People make very rash and unfair judgments either because they are looking into the culture of another person and do not understand what they are seeing (mainly because it does not line up with how they would act in that situation), or someone living within a given culture may judge another person for not behaving the way the culture might expect. Either way, cultural misunderstandings about, and there is more than enough offense to go around if we let it.
Years ago, while serving a mission for the Church of Jesus Christ of Latter-day Saints in Guatemala, I regularly fell victim to this problem until I learned to accept people where they were and how they saw things, rather than try to pull them over to how I saw things. I soon discovered that I was much happier when I sought to understand cultural norms that existed, rather than trying to force “Americanisms” onto other people.
So what can be done about these kinds of negative trends? First and foremost is to be aware of cultural norms that exist immediately around us. These are definitely hard to spot because we are engulfed within our own culture and don’t typically think of it as offensive or problematic or judgmental to anyone simply because it is what we see and live and breathe every day. But just because it is common does not mean it doesn’t hurt or confuse others.
I have had young men and women in my office who came home early from missions (typically for physical or mental health issues) who felt that they were being pressured to get right back out there on their missions fast, when they are home because they are very sick and maybe should NOT go back out at all. They have reported feeling judged and frowned on if they didn’t go back out. The cultural ideology is that one can only “complete” a mission if the full 18 or 24 months is finished. That is not true, but that is the assumption. These individuals were honorably released so that they could get home and address their health or mental health challenges. According to the church, they have fulfilled their responsibilities. But cultural expectations provide real or perceived pressure for these young people that can so often be suffocating to them.

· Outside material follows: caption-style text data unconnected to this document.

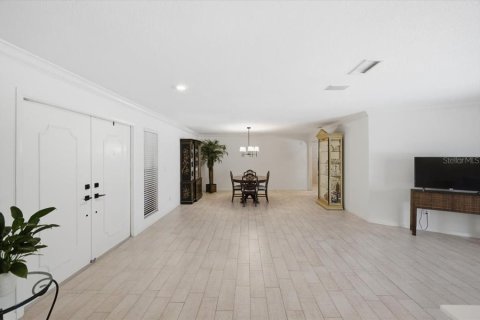 House in Clearwater, Florida 5 bedrooms, 320.14 sq.m. № 2418844 - photo 12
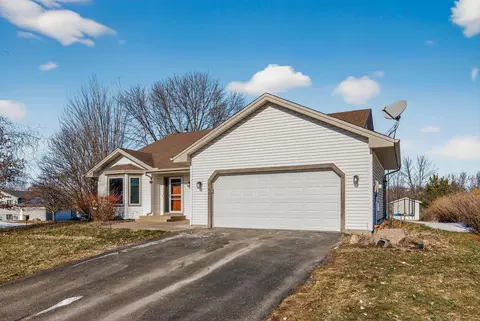8480 Pelican Ct, Chanhassen, MN 55317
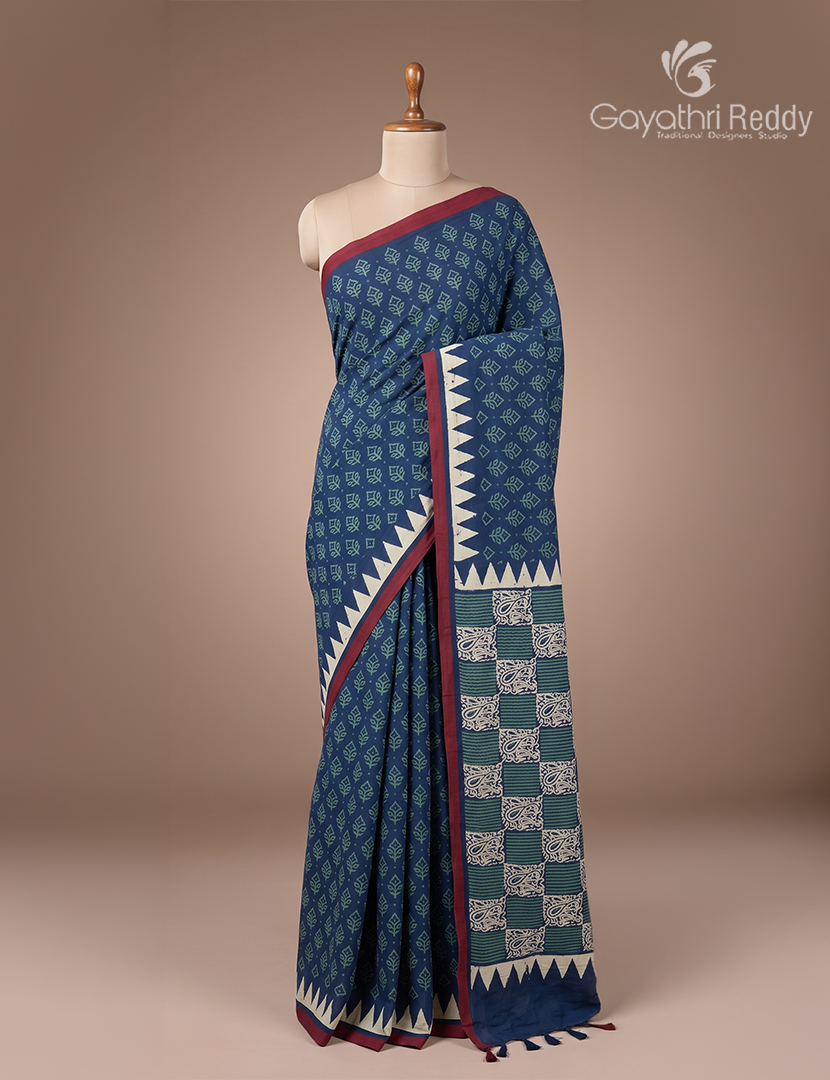 Vidharbha Cotton Saree in Indigo Blue and White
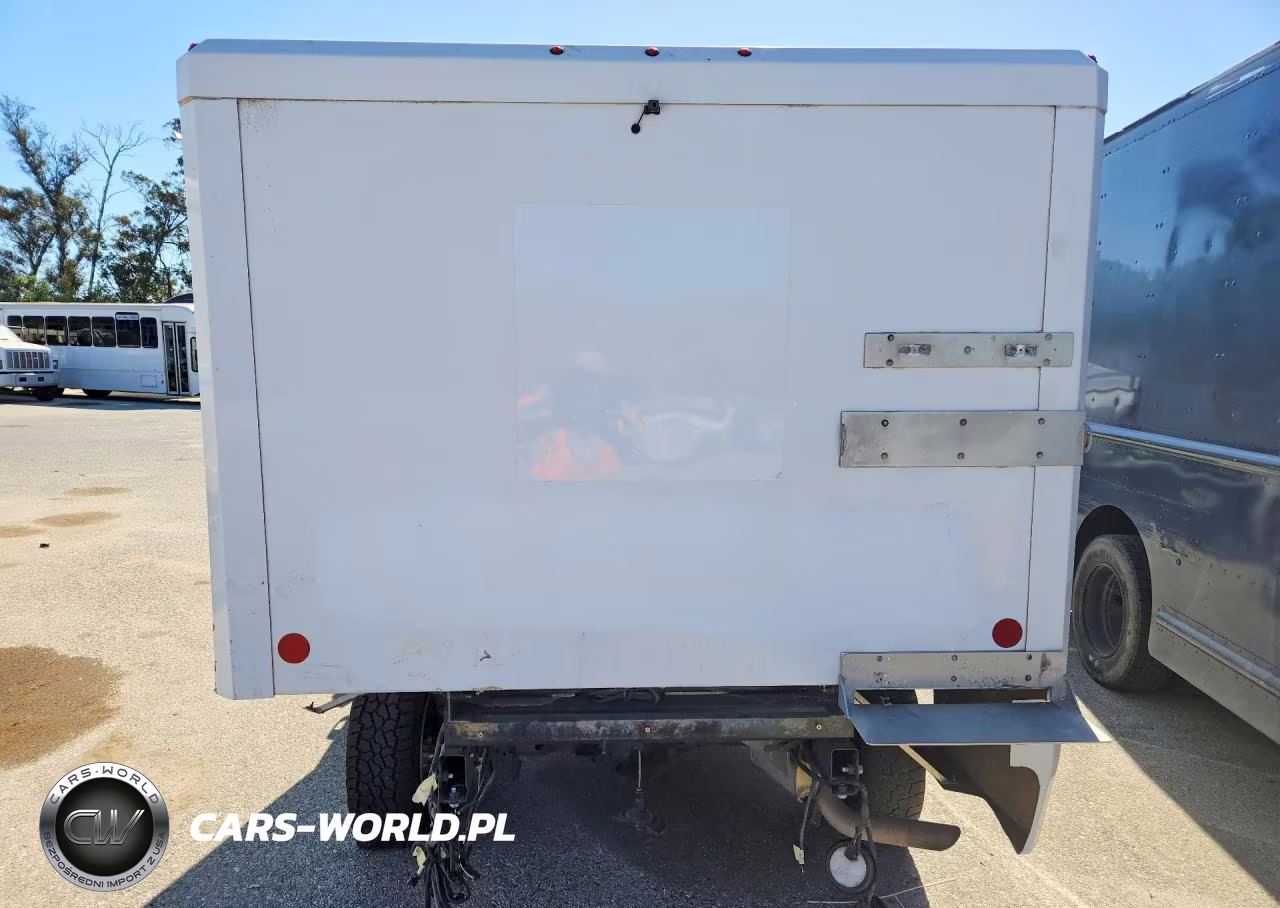 2022 Ram 1500 Classic Tradesman VIN:3C6JR6DGXNG429368 - 6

At other times I have had clients come in who are single, widowed, or divorced, who report that they feel like they now don’t fit in in their community because our community is very marriage oriented. Of course, marriage is a fantastic and worthy goal, and my point is not to say otherwise. My point is that some feel they are second-class citizens if they are single (often, by the way, through no fault of their own) and they are sometimes excluded, or self-exclude, because of these cultural patterns. For example, where they used to go out as couples with friends, now that they are single they feel like a “third wheel” and turn down invitations due to just feeling uncomfortable, or, on the flip side, they just don’t get invitations to go anymore.
These are cultural perceptions, both of the individual living in that situation, but also (and often unwittingly) of other people who are on the other end (e.g., the family or neighbors of the early-returned missionary who means well by asking when he’s going back out). We all can do better at simply reaching out to others in simple kindness. And if we find ourselves on the other side of a cultural norm, we can do better at kindly and patiently educating people about it a little better, rather than getting offended.